Just before going on the air yesterday morning, Julie Roehm, frequent Fox Business Network guest, Meta CEO and former Director of Marketing Communications for Chrysler Group Marketing, spoke to RBR/TVBR: “I’m sure that it is impacting their advertising dollars in total—TV and otherwise—because they are being scrutinized not only by their own management and shareholders, but by the government. So anything you do is watched and looked at. I would guess they are going to be more cautious and therefore probably spend less. Even though, I think that probably the time right now is to be much more aggressive with their messaging than they have in the past. Because more than ever, they need America to know what they’re doing and how they’re doing it. I think America need to feel a lot more involved in the process than they have so far. All they know is a lot of their taxpayer dollars are going to them, but they don’t really know what the plan is—other than what Congress tells them. So I think there is a much bigger opportunity for them that they haven’t really captured.”
What about Ford?
“Ford, in particular, hasn’t taken the TARP money, but I don’t think they’ve taken advantage of the fact that they haven’t—and that they have a plan. And I don’t think we’ve seen enough of a difference, really, from them. I think it’s a missed opportunity. My hope is that they come out a bit more aggressively with the message.
I think that more than anything, America needs to see a message.
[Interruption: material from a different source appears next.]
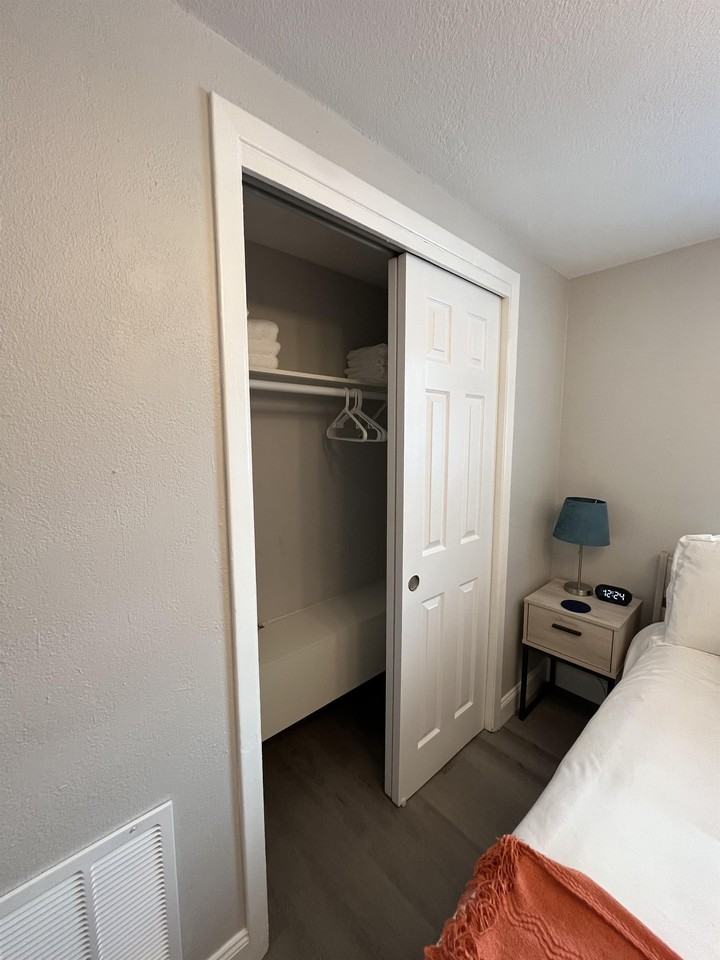 607 Lyndhurst St #607 - Photo 7 of 26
They need to see what’s going on and they need to find a reason to come back to the showroom and buy. In general it’s tough for people to buy anything these days, but they need to hear more about why they should come there, and what’s going on. I think they need to feel as though they as Americans are part of the solution.”
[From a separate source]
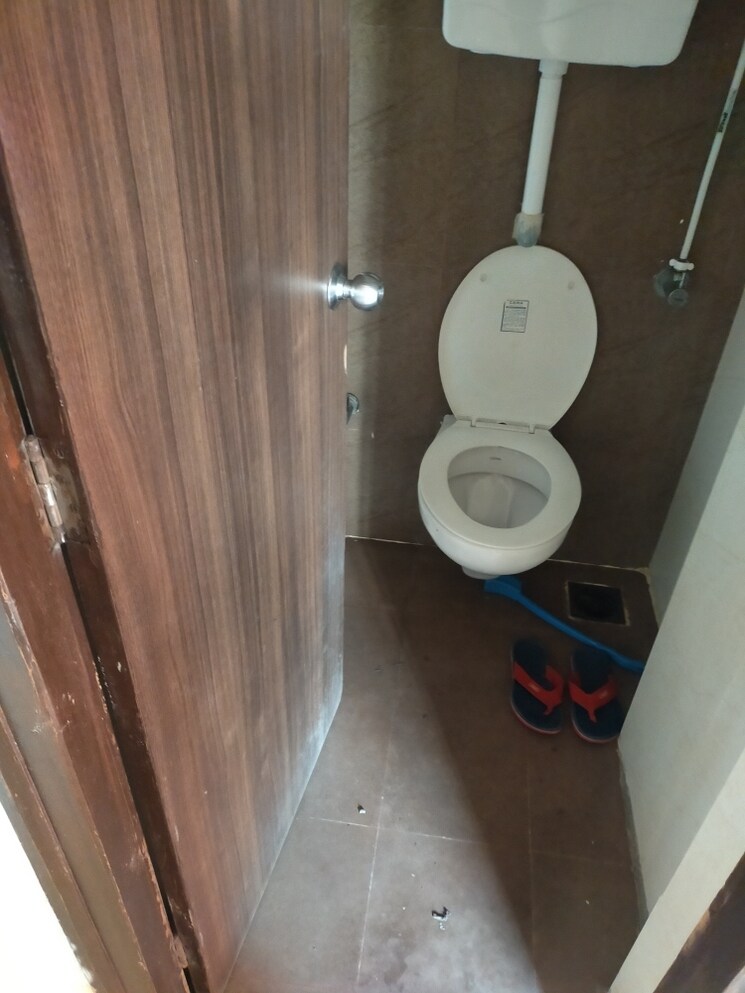 Bathroom, raunak-city 1 Bedroom 650 Sq.Ft. Apartment In Kalyan West Thane 8618272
A major media buyer had more advice for the industry, off the record:
“I think in the case of Chrysler, they’ve got to keep spending some money because they’ve got to look like an ongoing and solvent business proposition. I think the best thing GM could do is the same—they can’t just pull in their horns because they have to demonstrate viability to the marketplace and to the government…that some of this proposal that they’ve put up will actually work.
Remember, people don’t buy cars, dealers buy cars. And that’s when the funds are generated. So if the dealers are not buying the product that creates a business model that looks pretty toxic to the government. So you’ve got to keep that demand going in some way, shape or form.”
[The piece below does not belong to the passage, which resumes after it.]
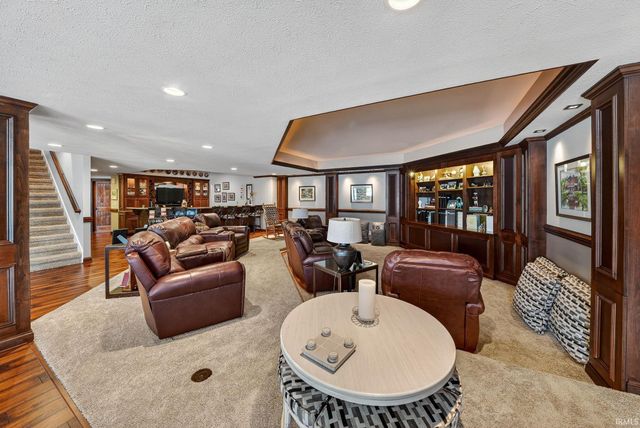 18335 Donegal Drive, South Bend, IN 46637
But they are going to have to get approval from the auto panel to authorize ad spend.
“Right, no question of that. And the more the government gets involved in that piece of it, the more it might turn into government work than marketing and advertising. Anytime you get the government involved in decision-making, someone will say, ‘Why are we spending this money on advertising? That doesn’t make any sense.’ These guys have done nothing to promote the upper part of the funnel of purchase. I mean who thinks of Buick as an experiential product? You’ve got to get out in front of the public.”